THE DATA:
☆ ☆ ☆

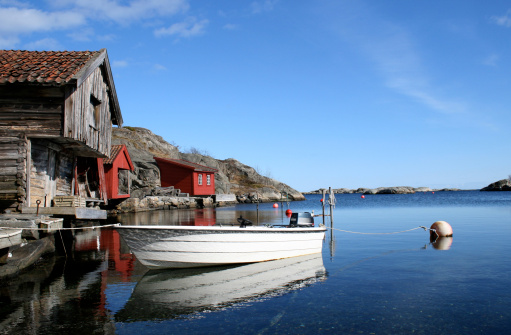A blue sky, sunny day with bright, beautiful colours, as old wooden cabins nestle along the Norwegian fishing harbour. A small boat rests in the foreground on a calm sea - No colour enhancement, it really is that blue in the North!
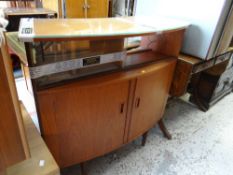 A 1960s teak G-Plan style bow fronted cocktail cabinet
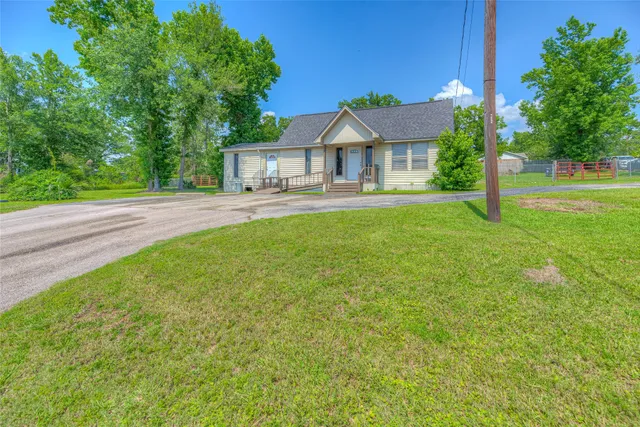 a view of road and grass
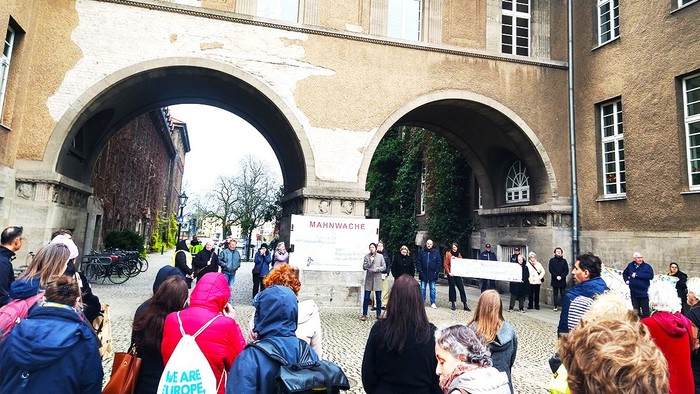 Eine Gruppe von Menschen versammelt sich vor einem großen Torbogen.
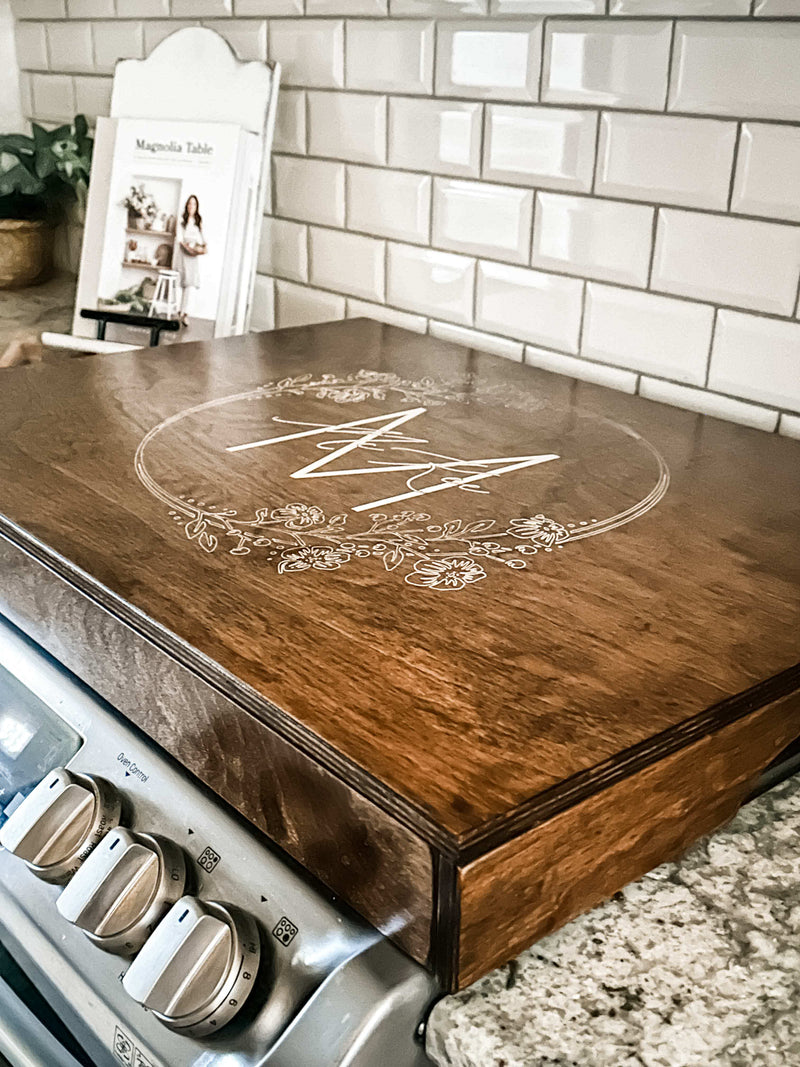 Personalized monogram stove cover, warm brown + white script "McKee"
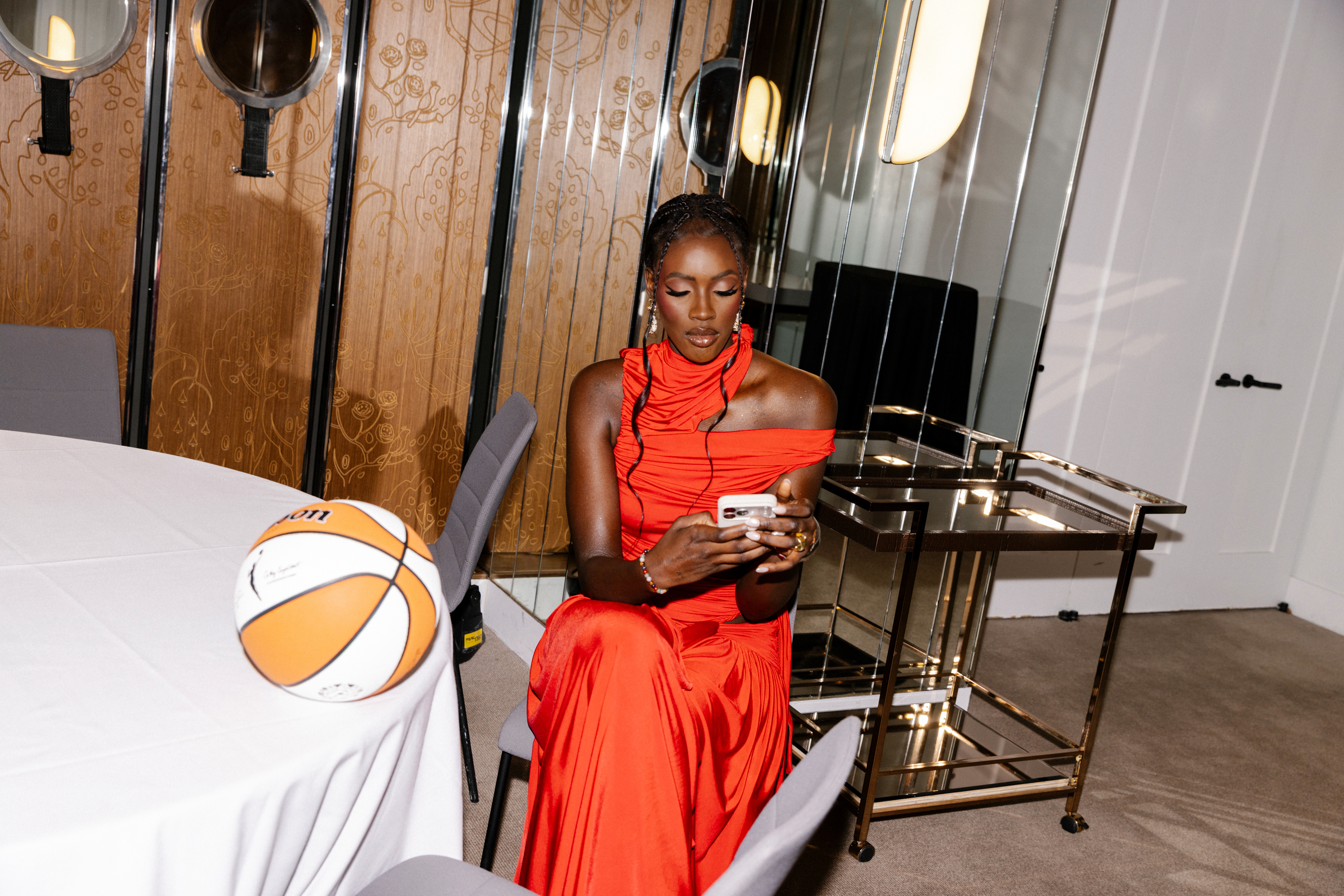 Awa Fam getting ready for the 2026 WNBA Draft with stylist Courtney Mays wearing a red Siedres dress from Shopbop.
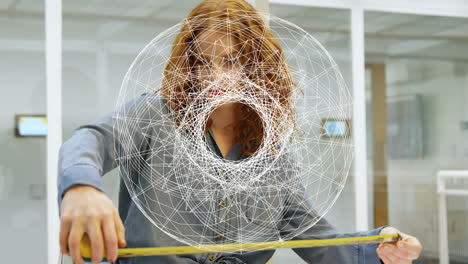 animation of white shapes over caucasian businesswoman holding tape measure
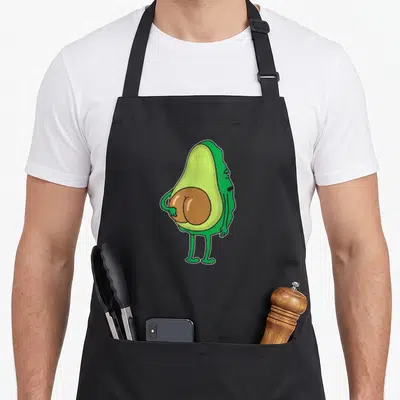 Tablier de cuisine noir avec un avocat vert anthropomorphisé montrant ses fesses en forme de noyau marron.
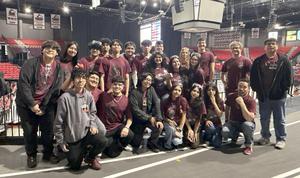 Team Group photo with scoreboard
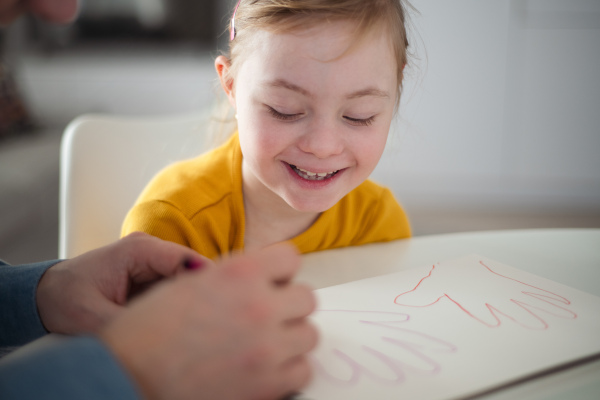 A father with his little daughter with Down syndrome drawing at home.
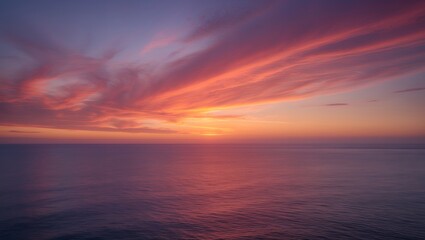 Fototapeta premium Vibrant sunset over calm ocean, painted sky with fiery hues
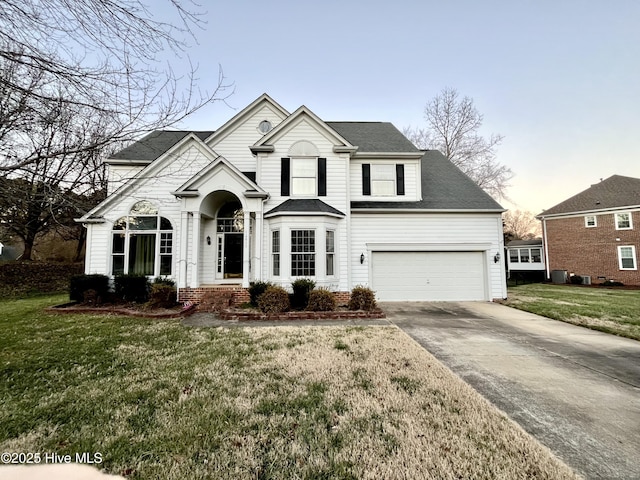 view of front of property with a yard and central AC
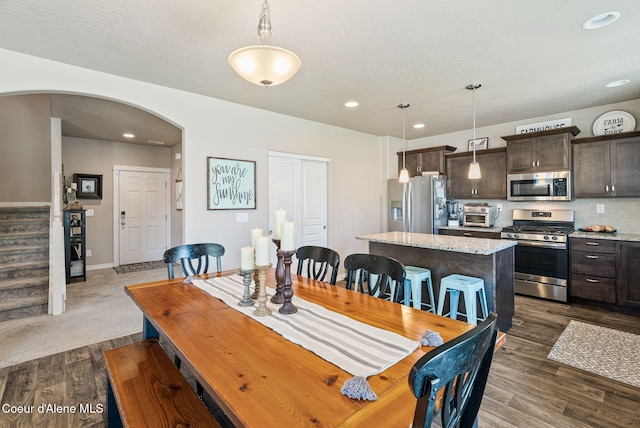 4483 N Connery Loop, Post Falls, ID 83854 - dining room with arched walkways, stairs, dark wood-style flooring, recessed lighting, and a textured ceiling
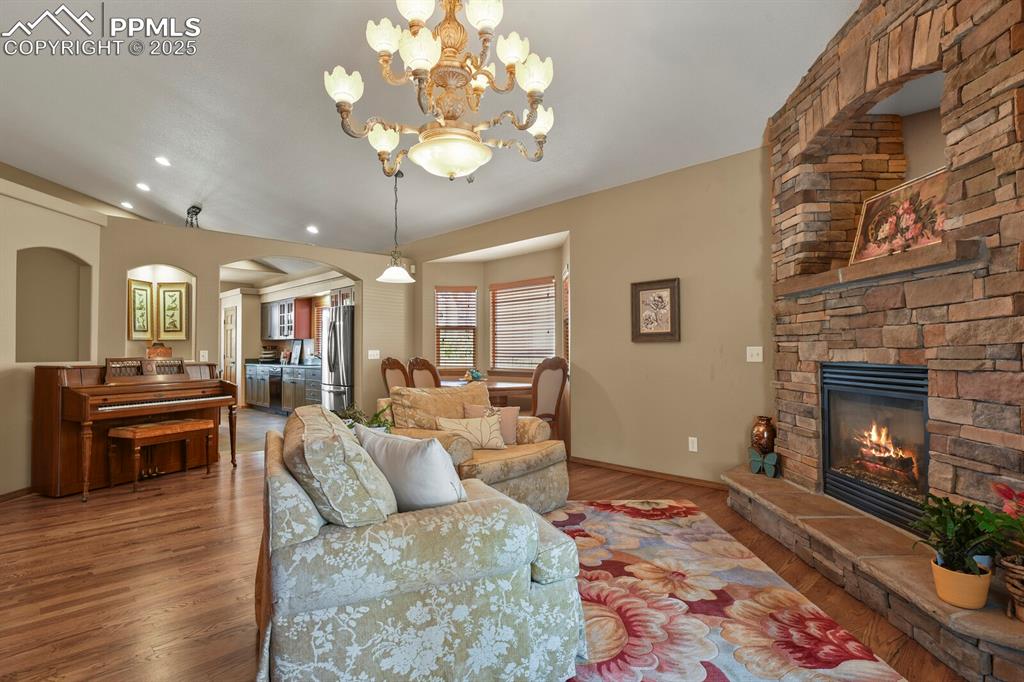 2563 Integrity Court Colorado Springs, CO 80918 - Photo 8 of 49 a living room with furniture a chandelier and a fireplace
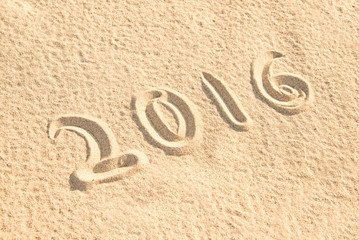 Close up on 2016 written in the sand of a beach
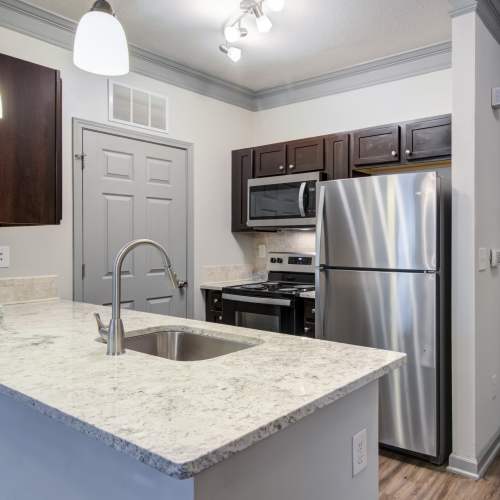 Galley style kitchen with designer finishes at Estates at McDonough Apartment Homes in McDonough, Georgia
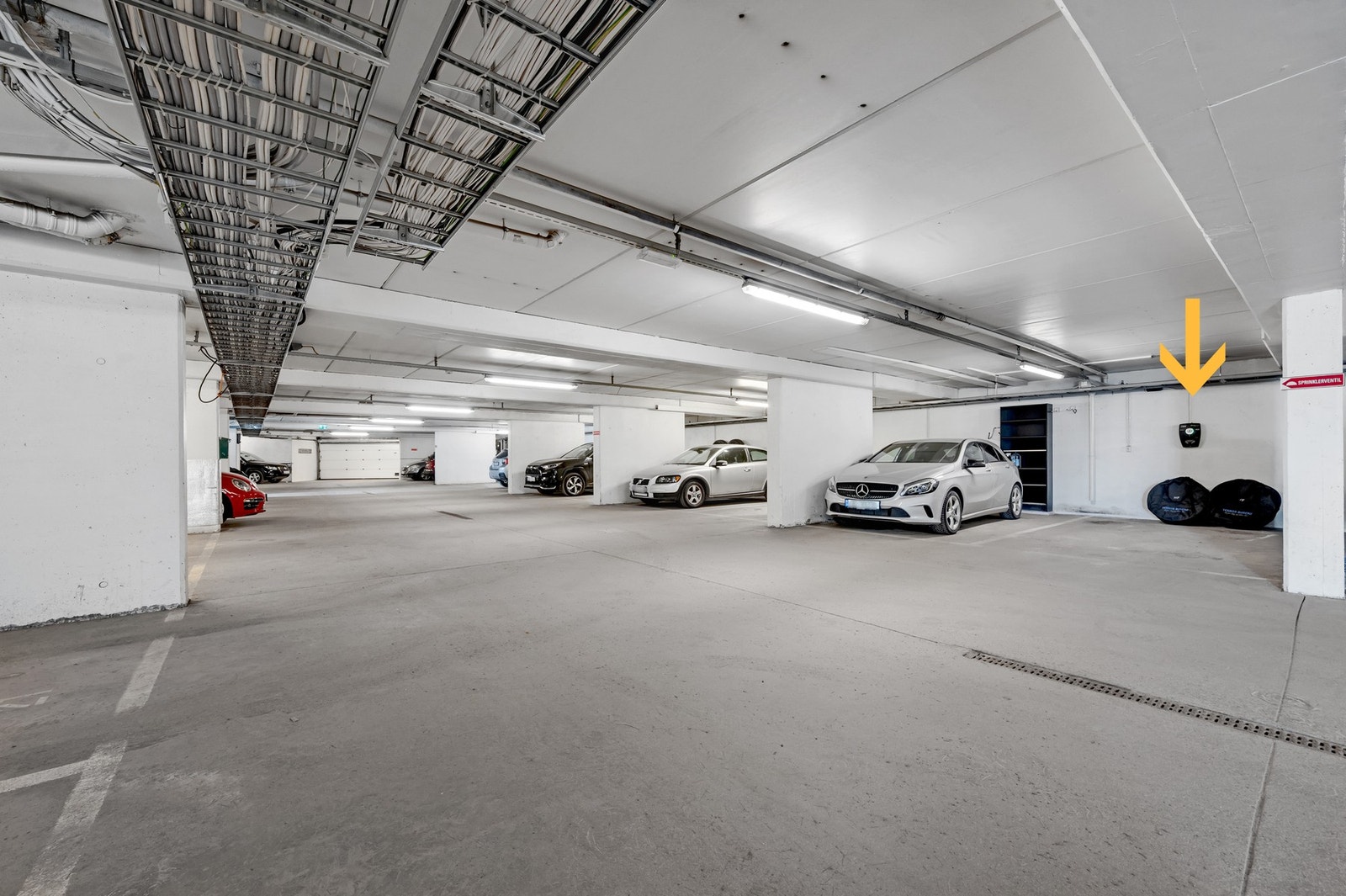 Parkeringsplass med El-bil lader i felles parkeringsetasje. Det er også bod i denne etasjen. Galleribilde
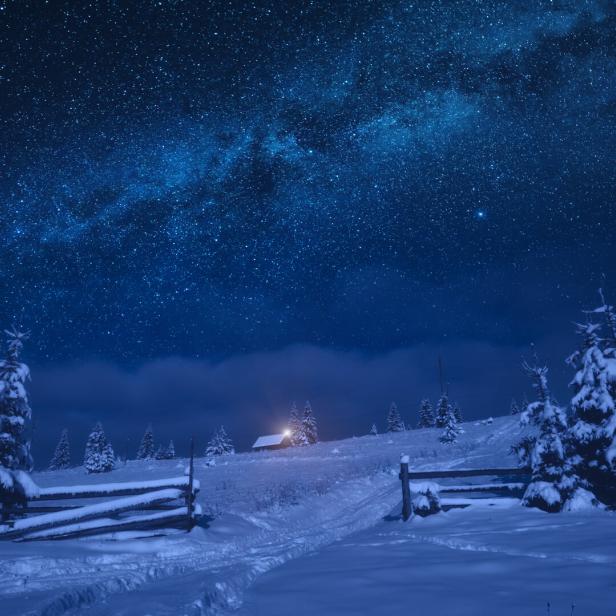 Verschneite Landschaft mit Tannen, einer Hütte mit Licht und einem klaren Sternenhimmel in der Nacht.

☆ ☆ ☆

YOUR INSTRUCTIONS: Send back every record exactly as it stands, except the pictures.

EXERCISE ANSWER:
A blue sky, sunny day with bright, beautiful colours, as old wooden cabins nestle along the Norwegian fishing harbour. A small boat rests in the foreground on a calm sea - No colour enhancement, it really is that blue in the North!
 A 1960s teak G-Plan style bow fronted cocktail cabinet
 a view of road and grass
 Eine Gruppe von Menschen versammelt sich vor einem großen Torbogen.
 Personalized monogram stove cover, warm brown + white script "McKee"
 Awa Fam getting ready for the 2026 WNBA Draft with stylist Courtney Mays wearing a red Siedres dress from Shopbop.
 animation of white shapes over caucasian businesswoman holding tape measure
 Tablier de cuisine noir avec un avocat vert anthropomorphisé montrant ses fesses en forme de noyau marron.
 Team Group photo with scoreboard
 A father with his little daughter with Down syndrome drawing at home.
 Fototapeta premium Vibrant sunset over calm ocean, painted sky with fiery hues
 view of front of property with a yard and central AC
 4483 N Connery Loop, Post Falls, ID 83854 - dining room with arched walkways, stairs, dark wood-style flooring, recessed lighting, and a textured ceiling
 2563 Integrity Court Colorado Springs, CO 80918 - Photo 8 of 49 a living room with furniture a chandelier and a fireplace
 Close up on 2016 written in the sand of a beach
 Galley style kitchen with designer finishes at Estates at McDonough Apartment Homes in McDonough, Georgia
 Parkeringsplass med El-bil lader i felles parkeringsetasje. Det er også bod i denne etasjen. Galleribilde
 Verschneite Landschaft mit Tannen, einer Hütte mit Licht und einem klaren Sternenhimmel in der Nacht.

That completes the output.